What does the speed of calculating the Fir filter depend on in the
Dsp?
It depends on many factors, the clock, how fast you are sampling from the ADC, if there are memory delays, size of the filter (and implementation, like symmetric or direct which have tradeoffs vs operations and memory) ect. The implementation will also depend on how many adds/ multiplies you have. Each multiply and add operation (or there are also special operations that do both on the TI processors) also will have X amount of clock cycles per instruction. There are entire courses taught on how to calculate the filter and delay for an FIR filter on one of these processors and implement it. Probably the slowest thing will be the ADC or getting data to and from the ADC.
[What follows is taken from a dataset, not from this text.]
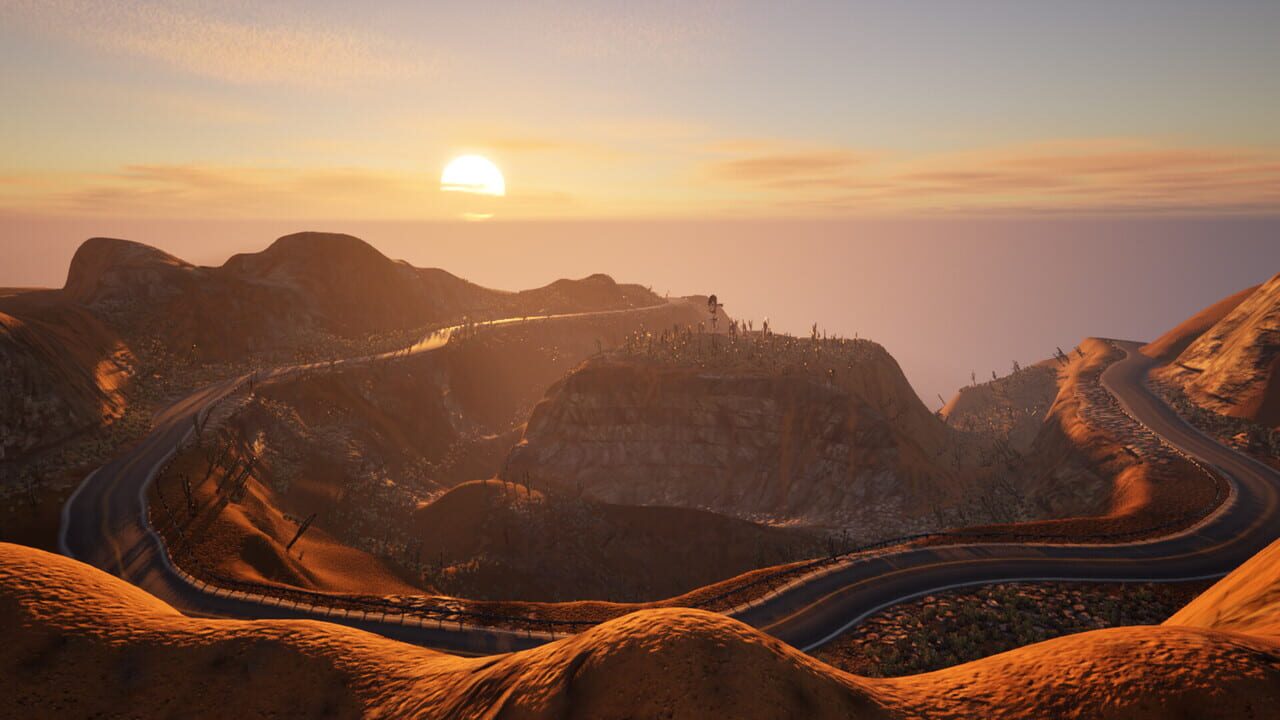 Van Life Simulator — Screenshot 3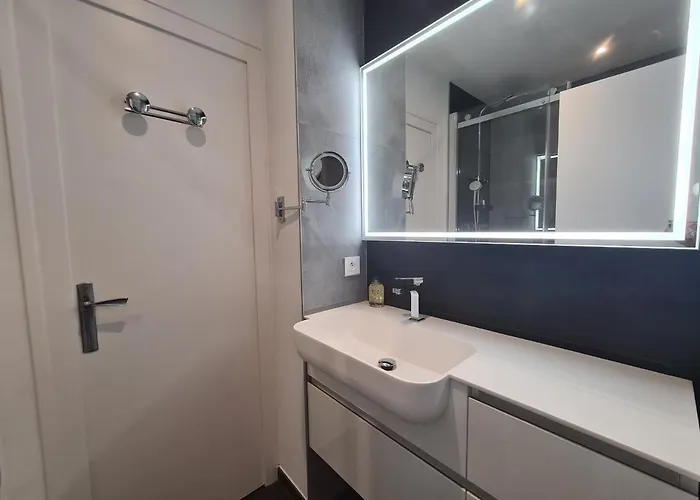 Detente Et Vue Sur Le Port Au Pouliguen Apartment *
In which unit of the DSP are these calculations performed?
Depends on which instructions you use, the processor you have listed has six ALU's and one processor (AFAIK), the instructions tell it which processor to use.
When calculating the processing rate of the filter, should I look
where it says MHz?
You can estimate the time if you know the size of the filter, if you have a 32 tap direct form FIR, you'll need about 32 delays (memory elements) and about 32 multiply-add operations. So if a multiply add takes 1 clock then it would be the clock frequency divided by 32, plus whatever the memory operations take. But at the end of the day it's really the phase of the realized filter form that matters.
So I would start by looking at the filter you want to implement, and look at the phase and tap requirements for that.